Transcribe, with complete accuracy, all of the entries below except for the pictures.

(Source information)

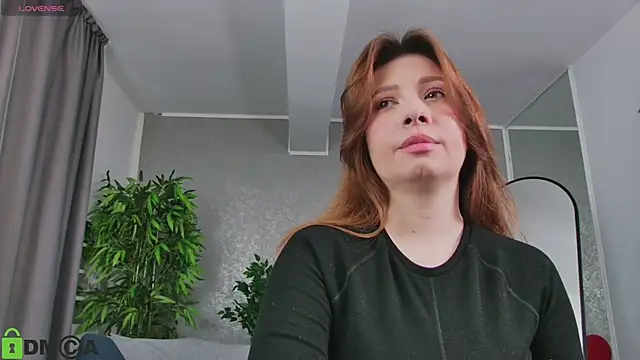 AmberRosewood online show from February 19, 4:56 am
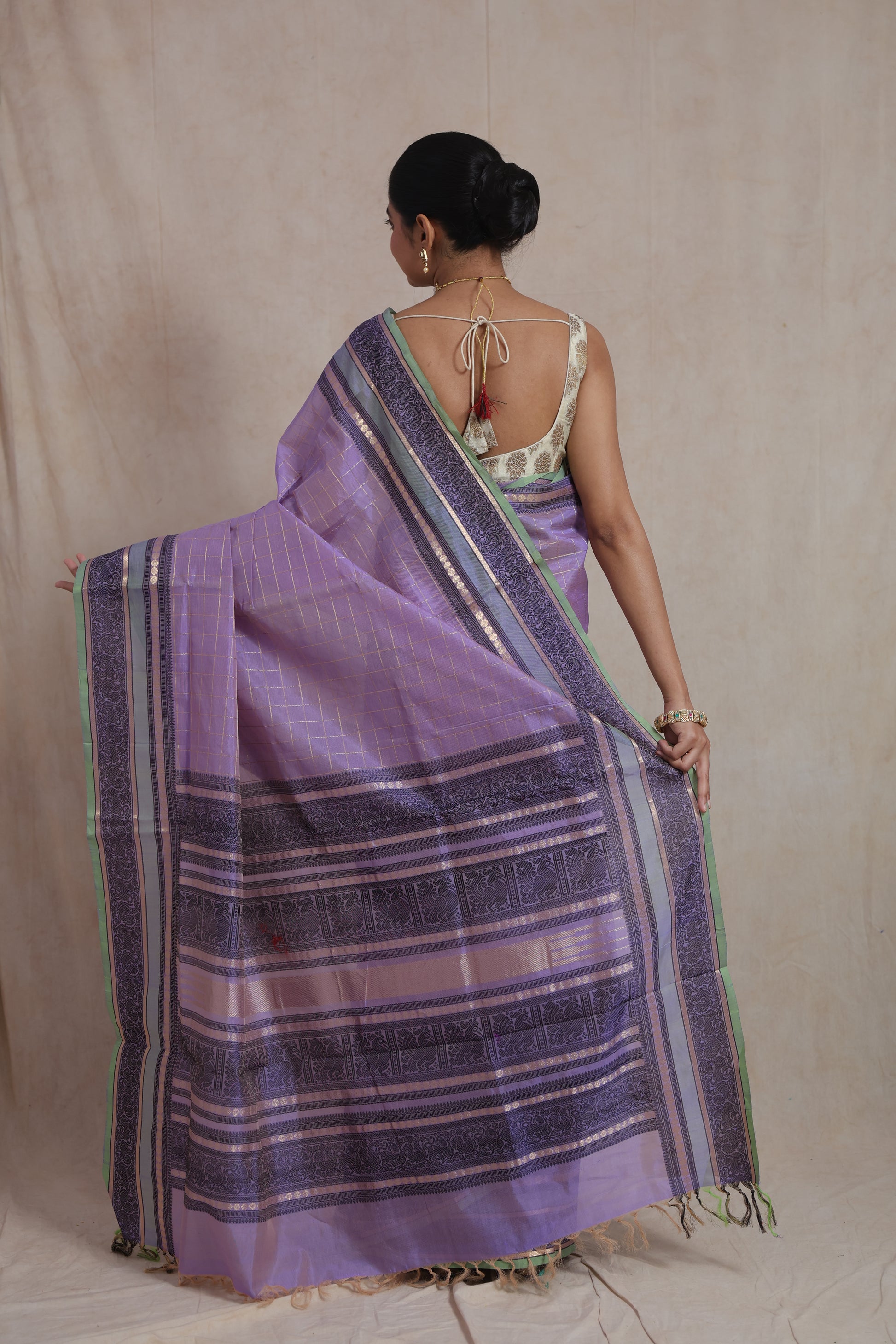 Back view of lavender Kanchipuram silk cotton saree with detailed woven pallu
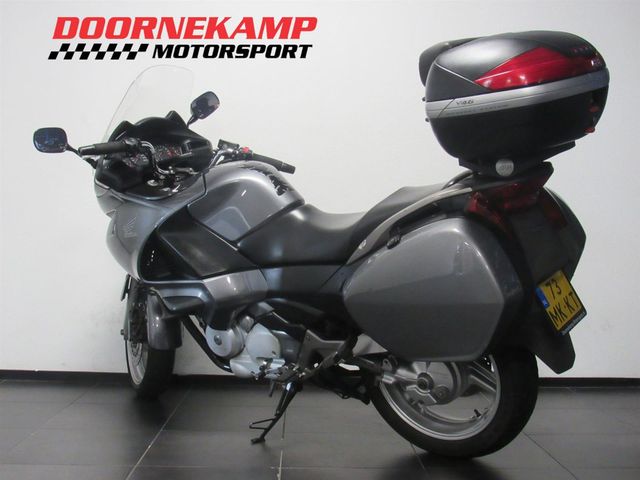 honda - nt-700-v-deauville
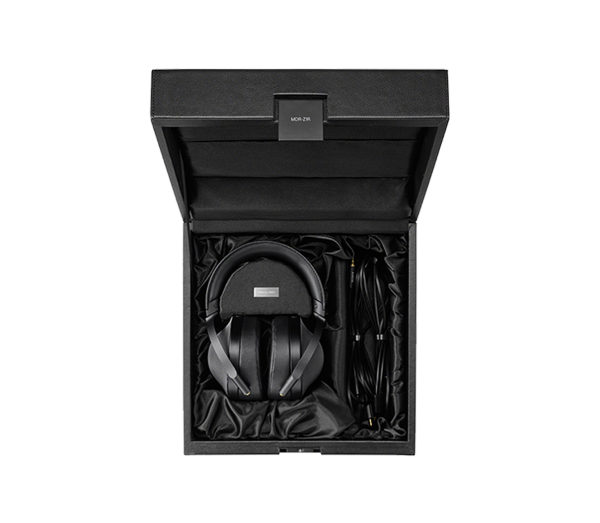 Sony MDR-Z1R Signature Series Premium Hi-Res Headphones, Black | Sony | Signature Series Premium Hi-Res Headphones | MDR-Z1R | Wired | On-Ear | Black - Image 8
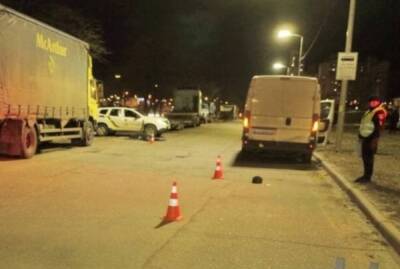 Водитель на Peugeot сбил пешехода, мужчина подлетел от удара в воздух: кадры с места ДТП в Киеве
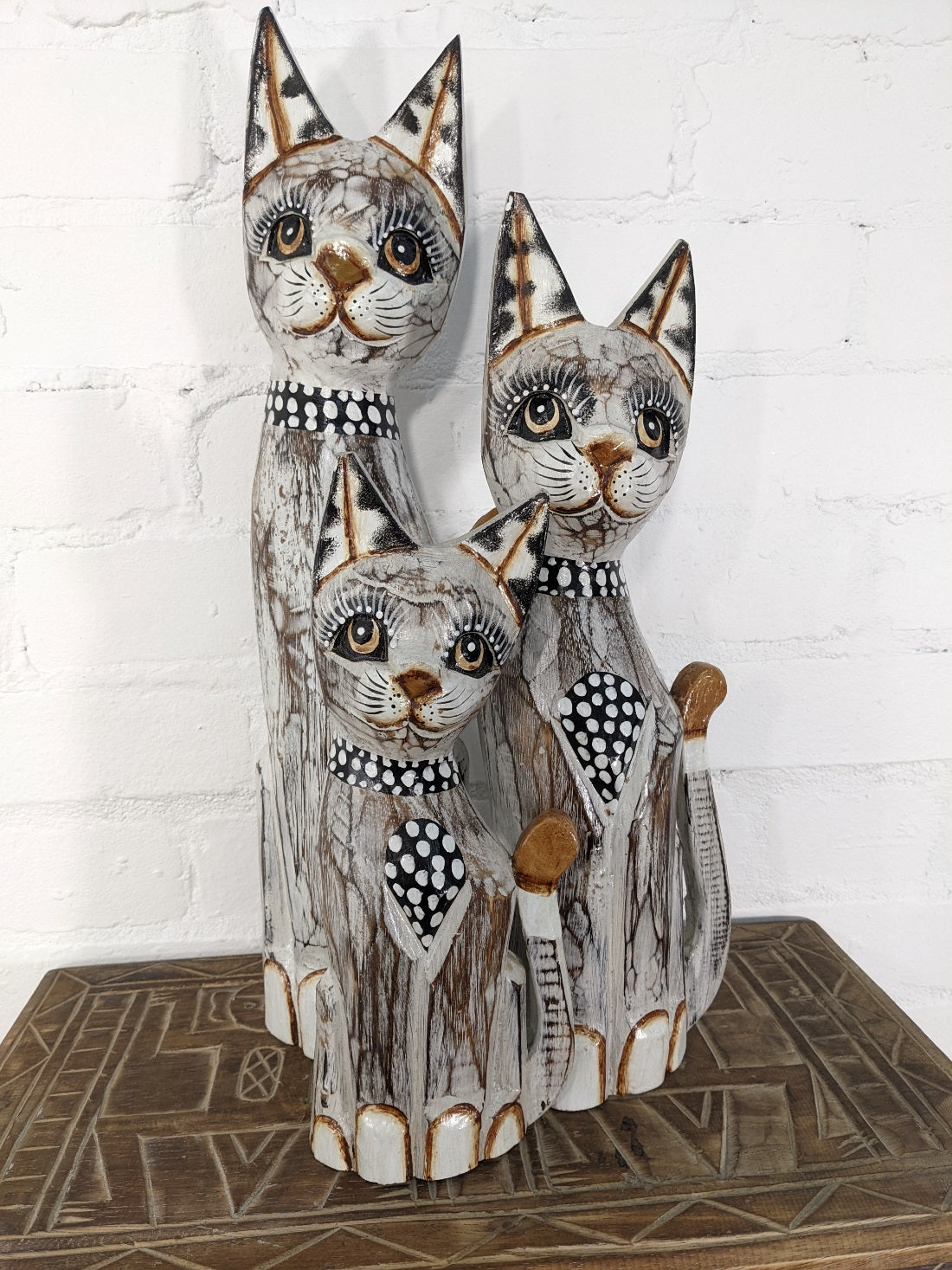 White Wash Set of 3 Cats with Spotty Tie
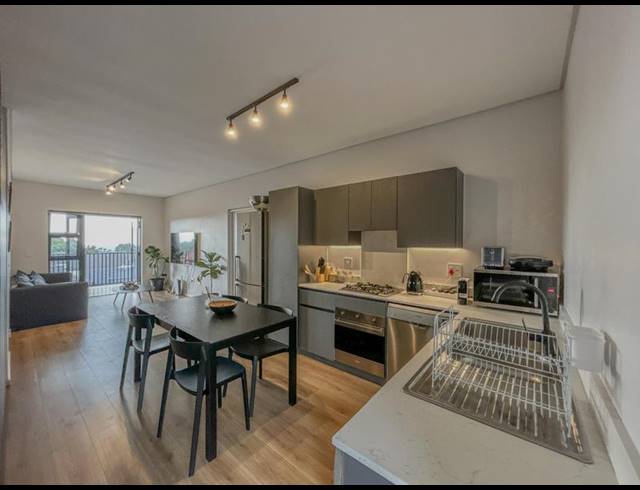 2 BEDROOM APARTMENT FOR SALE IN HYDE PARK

(End Source information)

Problem solution ->
 AmberRosewood online show from February 19, 4:56 am
 Back view of lavender Kanchipuram silk cotton saree with detailed woven pallu
 honda - nt-700-v-deauville
 Sony MDR-Z1R Signature Series Premium Hi-Res Headphones, Black | Sony | Signature Series Premium Hi-Res Headphones | MDR-Z1R | Wired | On-Ear | Black - Image 8
 Водитель на Peugeot сбил пешехода, мужчина подлетел от удара в воздух: кадры с места ДТП в Киеве
 White Wash Set of 3 Cats with Spotty Tie
 2 BEDROOM APARTMENT FOR SALE IN HYDE PARK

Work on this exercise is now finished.